# Help with Waterford Erin Woodstove pls! (Came with house we bought - little instruction)



## kennydewit (Nov 13, 2011)

Hi All!  

I'm new to the Hearth Room, but always a fan of wood heat since I was old enough to know what wood is.  Also long time reader, 1st time poster.

So the story goes:  We bought a house on a river in the country a few months back and other than electric baseboard, it came with this woodstove.  The old lady that owned the place lived here on her own as her husband passed suddenly 10 years ago.  Being from Ireland, and afraid of fires, she didn't have much advice on how to operate it.  Trouble is, we think its undersized and can't get it to burn properly.  Truth is, we're not sure we're doing it right either so we're here to ask!  

I've read through some instruction manuals I found online, but its not clear what the primary and secondary dampers are??  I see an ash pan handle/slide, an Air wash knob and a flap on the flue..but no where else do I see any controls.  If I only use these three methods, I can't get much of a flue temp (300C).  To get a good fire going, I have to crack open the Ash pan door..which they say I shouldn't have to do.  Am I missing something?  

Background on the house:  Its a 2 storey, 1750sq ft, no basement and unheated crawl.  Built in 1984 with insulation values of that time,(will upgrade insulation next summer)  wood stove in living room with ceiling fans in stairwell, dining and kitchen to circulate the heat. We're burning mostly local white Ash which is supposed to be a great burning wood.  Temps here in the winter get down to -30C but average -10.  We're pretty sure by the measurements and description, that this is a Waterford Erin wood stove.  

So we bought 5 cord of hardwood (Ash) for the winter, but want a woodstove efficient enough to make it last.  We're thinking this stove is undersized to begin with, to heat this little house in the dead of winter.  (Have heard it puts out 33k BTU / heats 1000sq ft total?)  We find it won't do an overnight burn and we have to keep feeding it lots of wood every 3 hrs or so..we also suspect the glass seal on the door needs replacing and have seen others with a steel mess over their ash pan grate..ours doesn't have that.  

Thought we'd ask before we replace it soon!..with either a good Canadian made Napoleon 1400 or Pacific Energy Super series.  A speedy reply would be great as its getting pretty cold here now and the wife doesn't want to mess around..she wants heat! haah.  Thanks in advance,


Ken


----------



## BrotherBart (Nov 13, 2011)

For a start, we have the manual here for the stove here in the Hearth Wiki:

https://www.hearth.com/econtent/index.php/wiki/f426c9dd7fa688700087c63c2790846d/


----------



## kennydewit (Nov 13, 2011)

Thanks Brother!

This looks similar to others I've read, though definetely comes through clearer and has the same controls as mine.  Big help.  After reading that,  a few points I've noticed on this Erin stove:

-the Top knob is the primary control knob (Not air wash knob like a different manual told me for a different variation with control knob on the ash pit door)
-I see a rear air duct but no way of controlling how much it lets in.  (No secondary??)
-the grate handle is just to empty the ashes into the ash pan, unless emptying..leave it full in. (Previous owner told me it made the fire go wooosh!)

Btw, this explains why we burnt through wood so fast, as we had the primary control knob set to full open.
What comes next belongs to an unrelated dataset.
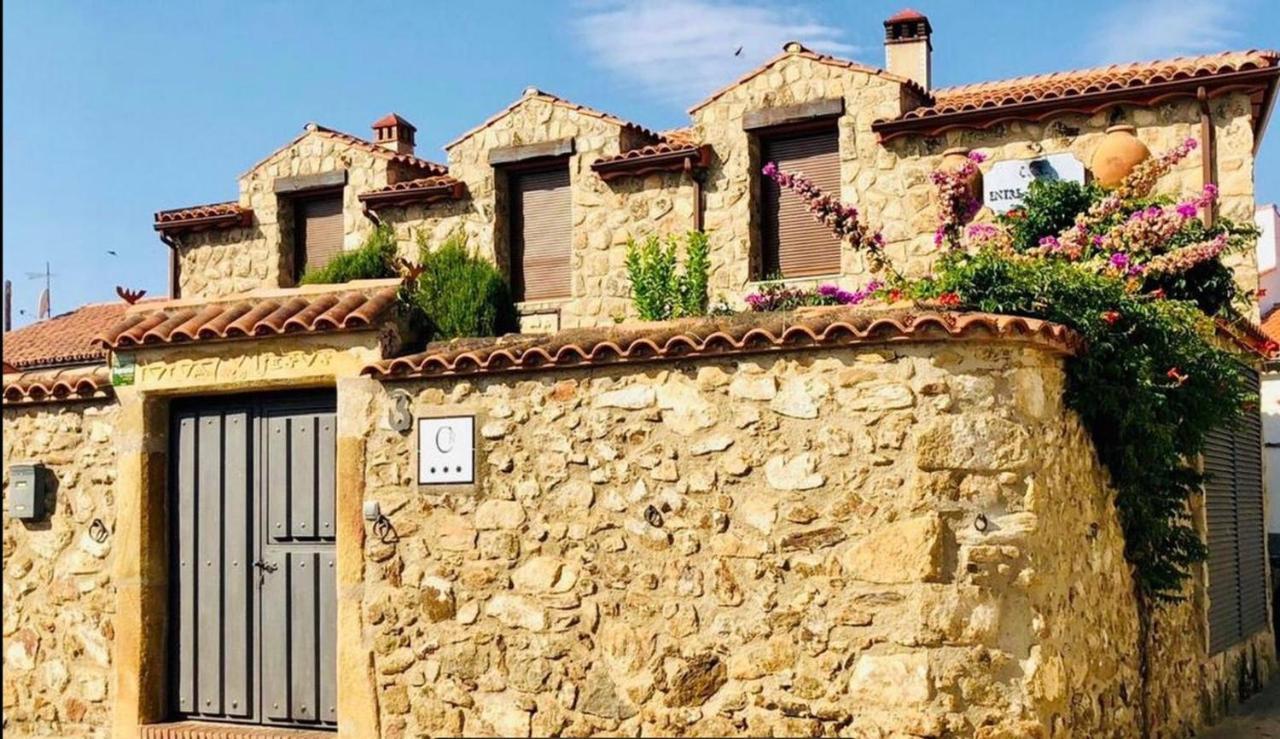 Casa Rural Piedras De Benquerencia Экстерьер фото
Working alot better now. I'm still getting an average flue temp of 300-350C once its its up to temperature.  I hear the primary control knob is possibly adjustable(to get more air) from another owner so I'll have a look at that when the stove cools down.  I can't see why it would be though, as I believe this stove has had minimal use over the years given the condition its in.
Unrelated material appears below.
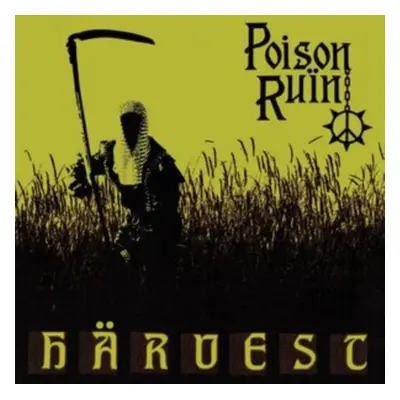 "Hrvest" ("Poison Run") (Vinyl / 12" Album)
Either way, is this stove still undersized for our home?  By EPA standards, this Erin is 63% efficient and is purely radiant.  With newer models 76-83%+ efficient, with convection, reburn technology and optional blowers..perhaps I should upgrade before things get real nipply?  Your thoughts..


----------



## BrotherBart (Nov 13, 2011)

The short answer is that a Super 27 will give you more heat and longer burn times. But operated properly the Erin should give you more heat and better burn times than you are presently getting from it. Whether that is the wood, the flue, the operator or phases of the moon is hard to tell from this far away from the stove.


----------



## DexterDay (Nov 14, 2011)

How long ago did you get the Cords of Ash?? 

Thats a beautiful stove. Should be a pretty good heater. If the stove didnt overfire with the Primary open all the way,  then I would say the wood may be a little wet? Ash is a fairly low M/C wood,  but it dont season in a month. Its still best with 1 yr seasoned. 
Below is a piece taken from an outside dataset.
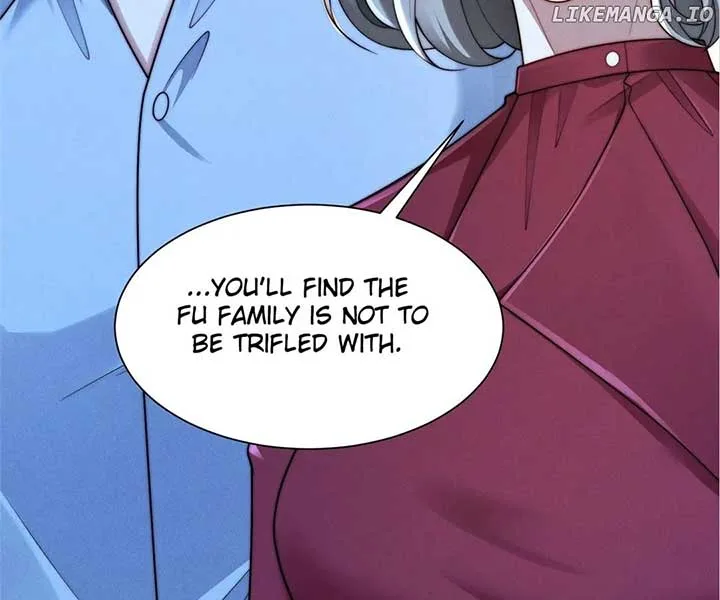 A Complicated Marriage With the Wolf Prince Chapter 45 page 14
Welcome to the Forums. These guys and gals will get you going shortly. 

Note:A bigger and more efficient stove will always give you more heat. But new EPA stoves like Dry Wood.


----------



## kennydewit (Nov 14, 2011)

Thanks for the reply Dexter,
and indeed you're right that this Ash was cut and split a month ago. That being said, I've also burned various seasoned softwoods I've had that were dry with similar experience.  I have to leave the ash pan door cracked for it to get enough air to bring the flew temp up higher than 300C.  I even tried some dry maple last night, which went out overnight after I tried to draft it down and had to re light the log this a.m.  

But I do agree that I'd rather season it if I can..unfortunately for me, the guy that was supposed to have my hardwood ready for the winter ended up having a bunch of green poplar for me!! Can you believe it, some freind.  So naturally I cancelled that deal and had to find what I could locally.

As far as for Ash, I've heard the saying "Ash wood wet or Ash wood dry, a King will warm his slippers by!"  Correct me if I'm wrong, but I've heard that the moisture content of 'green' Ash is within a few percentage points of seasoned Ash and is the only wood I know of that can be burned right away.  The 72 yr old neighbour/farmer up the road who's been getting it locally for me, burns it green in his larger Regency wood stove every winter without any issues..it'll just about cook you out.  I've also split larger chunks into smaller bits by axe to double check his theory and its surprisingly dry in the center. 

I'm going to have a better look at this Waterford stove today as its warming up to 15C.  I'll try and clean out its various air passages, that and replace the window seal which is shot..

That being said, this stove is still undersized as primary heat for an 1800sq ft total (2 storey) right?..


----------